* TRY IT:
Nothing but the lines from the one containing "2022 Ford Explorer ST HIGH PACKAGE" to the end of the records that follow should be transcribed, each exactly, with the pictures left out.

* Caption-style text data:

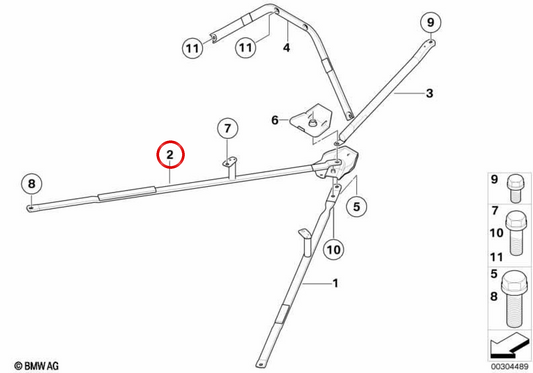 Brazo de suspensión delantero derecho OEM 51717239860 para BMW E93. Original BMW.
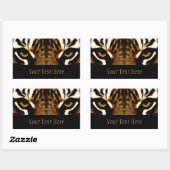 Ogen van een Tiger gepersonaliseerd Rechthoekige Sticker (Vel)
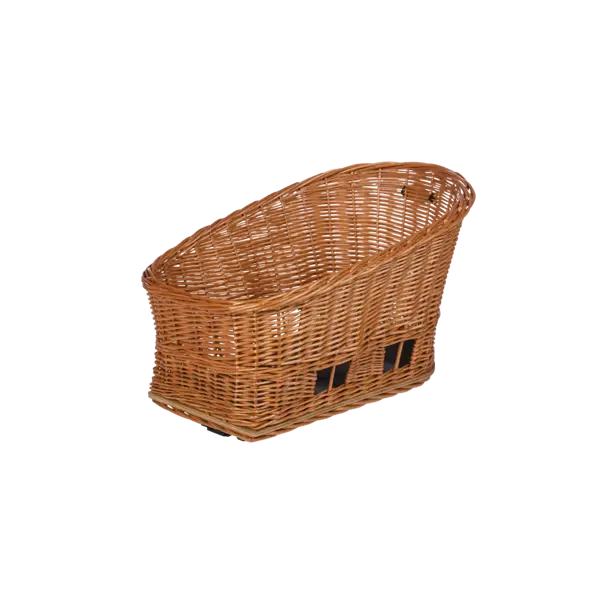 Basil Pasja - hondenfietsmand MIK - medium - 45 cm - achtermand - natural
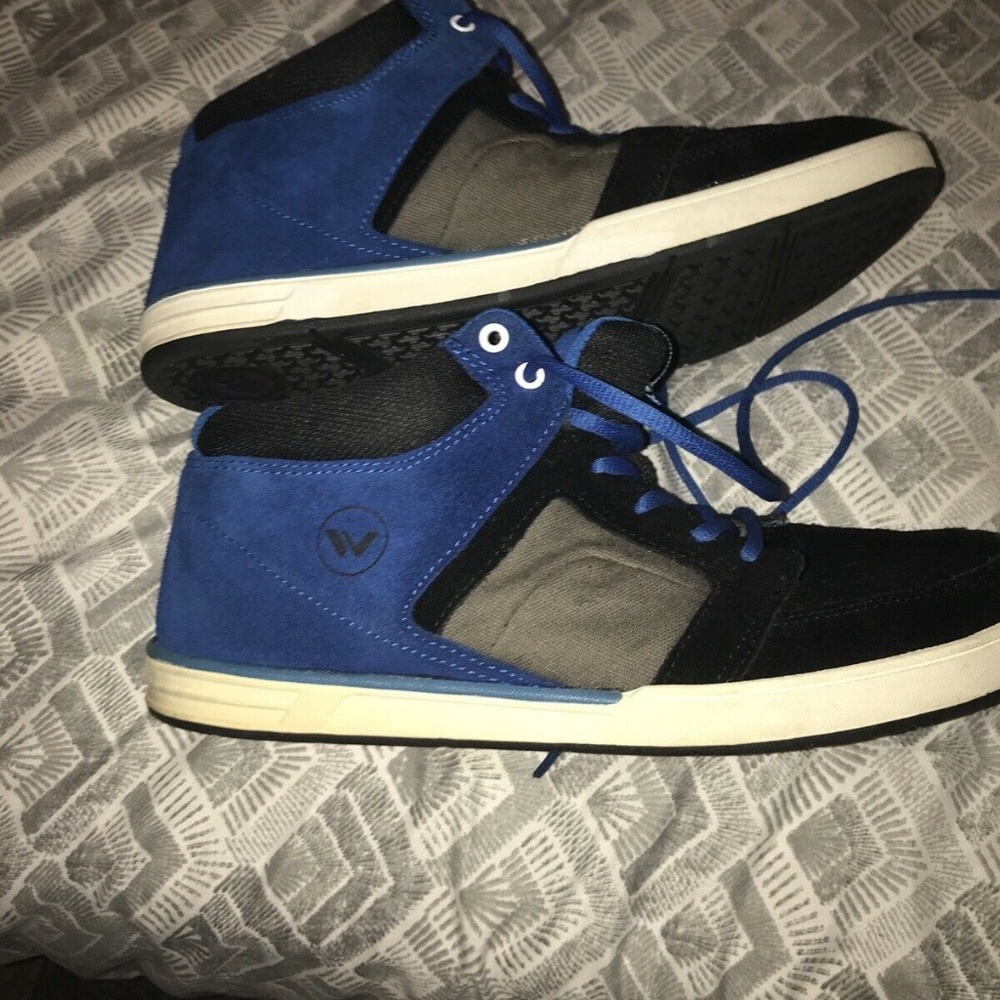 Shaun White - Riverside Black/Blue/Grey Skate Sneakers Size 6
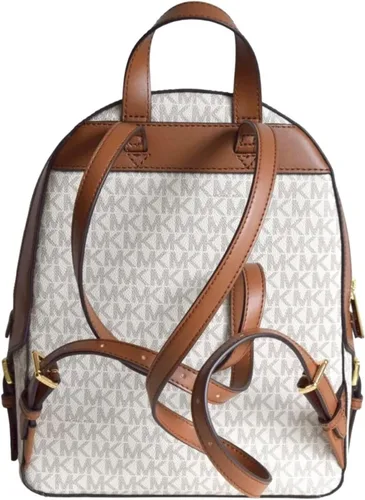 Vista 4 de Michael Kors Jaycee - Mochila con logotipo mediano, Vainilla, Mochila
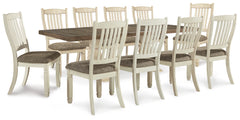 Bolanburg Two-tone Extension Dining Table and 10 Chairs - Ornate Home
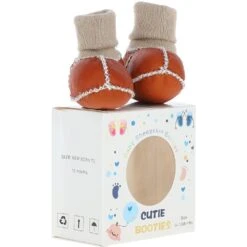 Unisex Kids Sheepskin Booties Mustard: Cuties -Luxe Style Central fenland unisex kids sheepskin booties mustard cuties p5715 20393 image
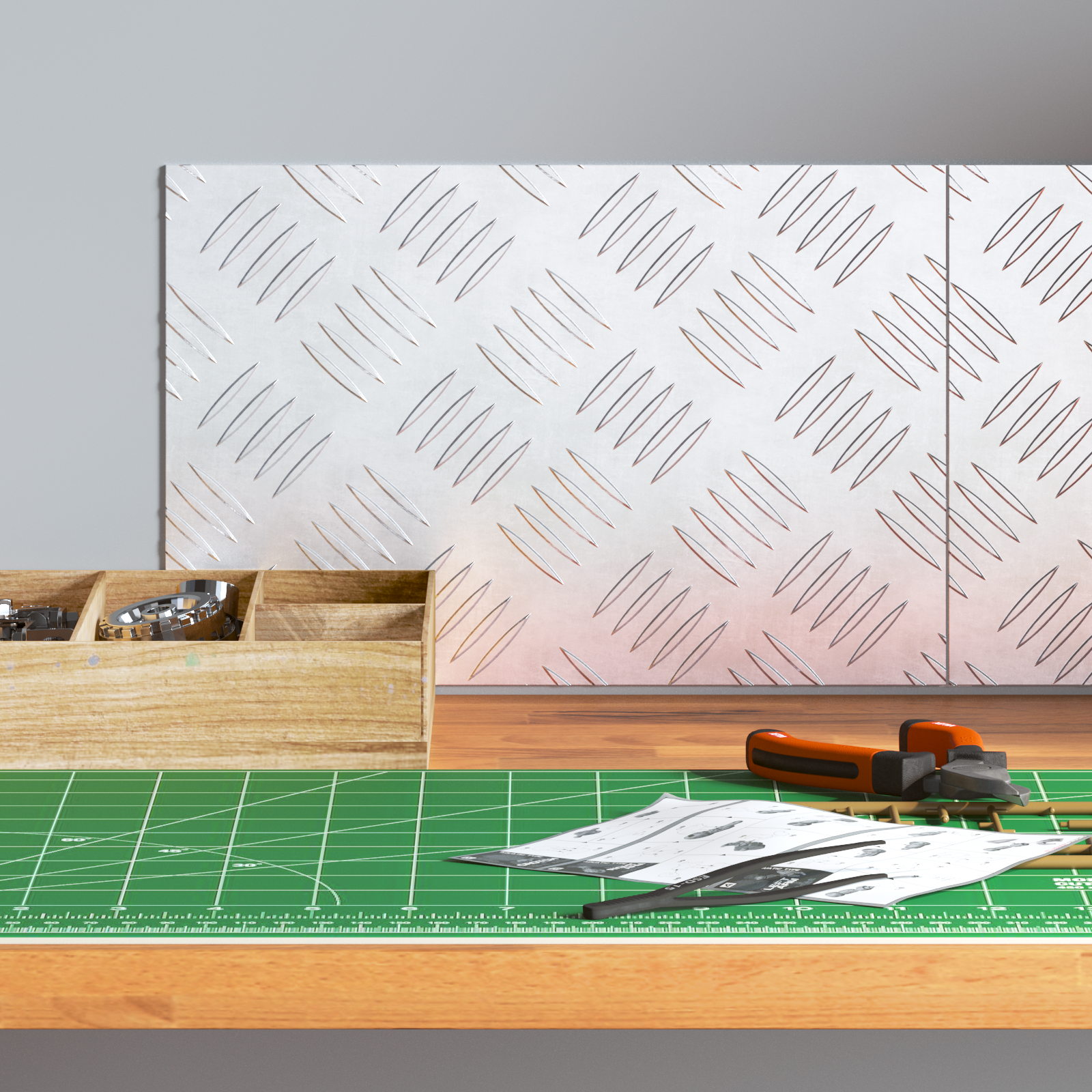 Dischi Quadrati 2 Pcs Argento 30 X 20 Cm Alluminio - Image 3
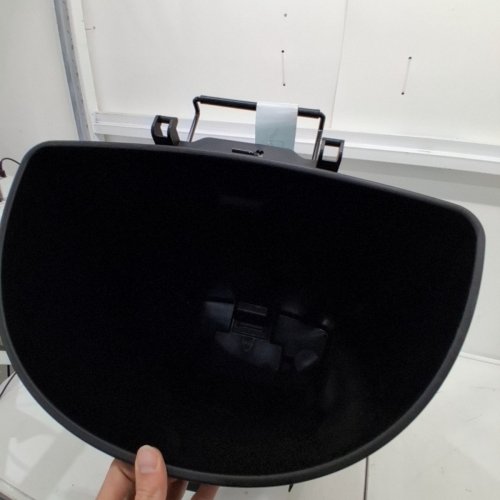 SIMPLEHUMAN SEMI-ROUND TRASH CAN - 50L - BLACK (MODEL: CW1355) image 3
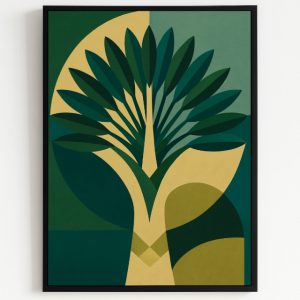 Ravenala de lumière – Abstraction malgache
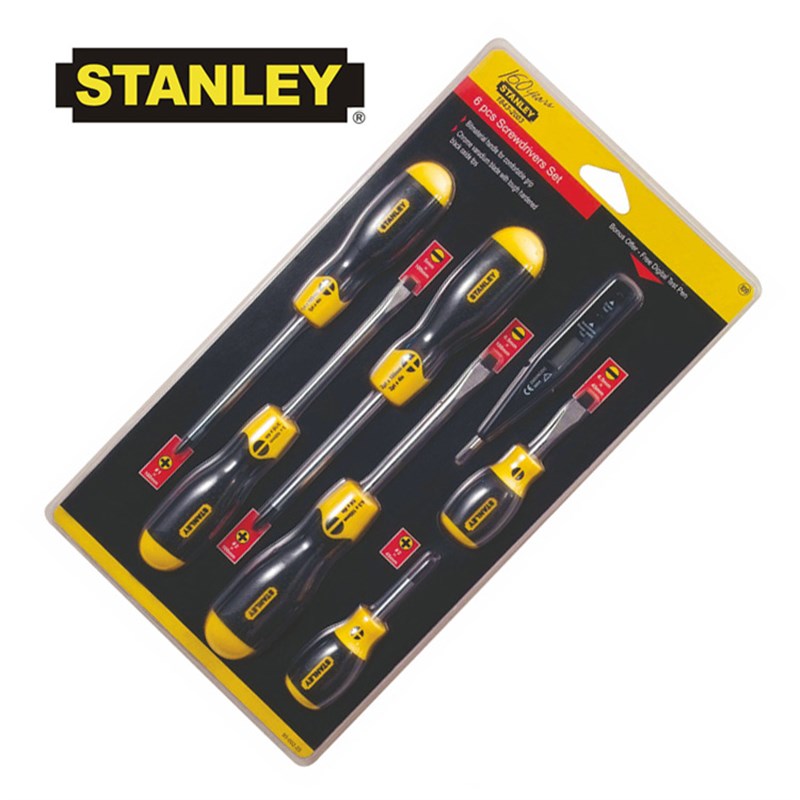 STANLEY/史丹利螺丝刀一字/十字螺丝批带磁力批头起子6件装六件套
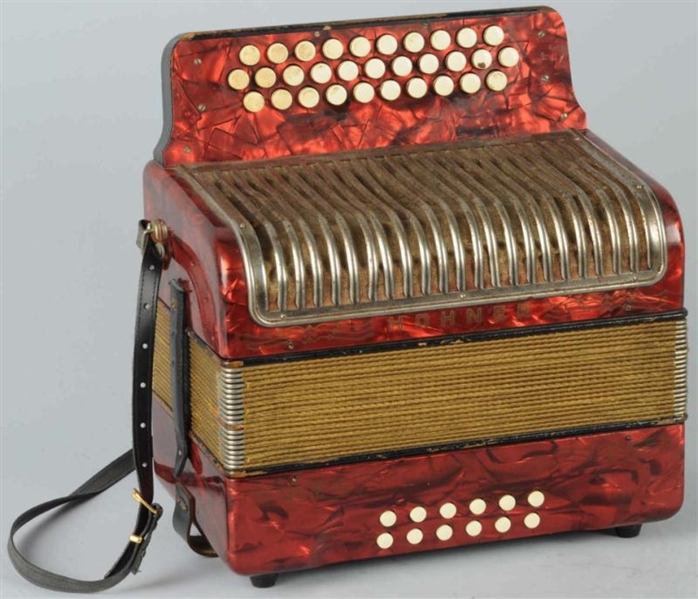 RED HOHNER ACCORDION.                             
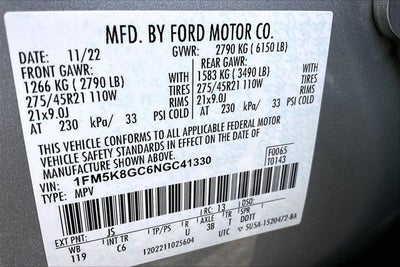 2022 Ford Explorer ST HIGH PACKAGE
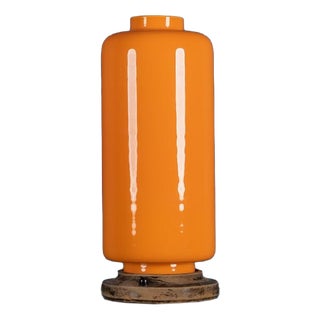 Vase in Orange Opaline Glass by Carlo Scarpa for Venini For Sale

* OUTPUT FOR THIS EXERCISE:
 2022 Ford Explorer ST HIGH PACKAGE
 Vase in Orange Opaline Glass by Carlo Scarpa for Venini For Sale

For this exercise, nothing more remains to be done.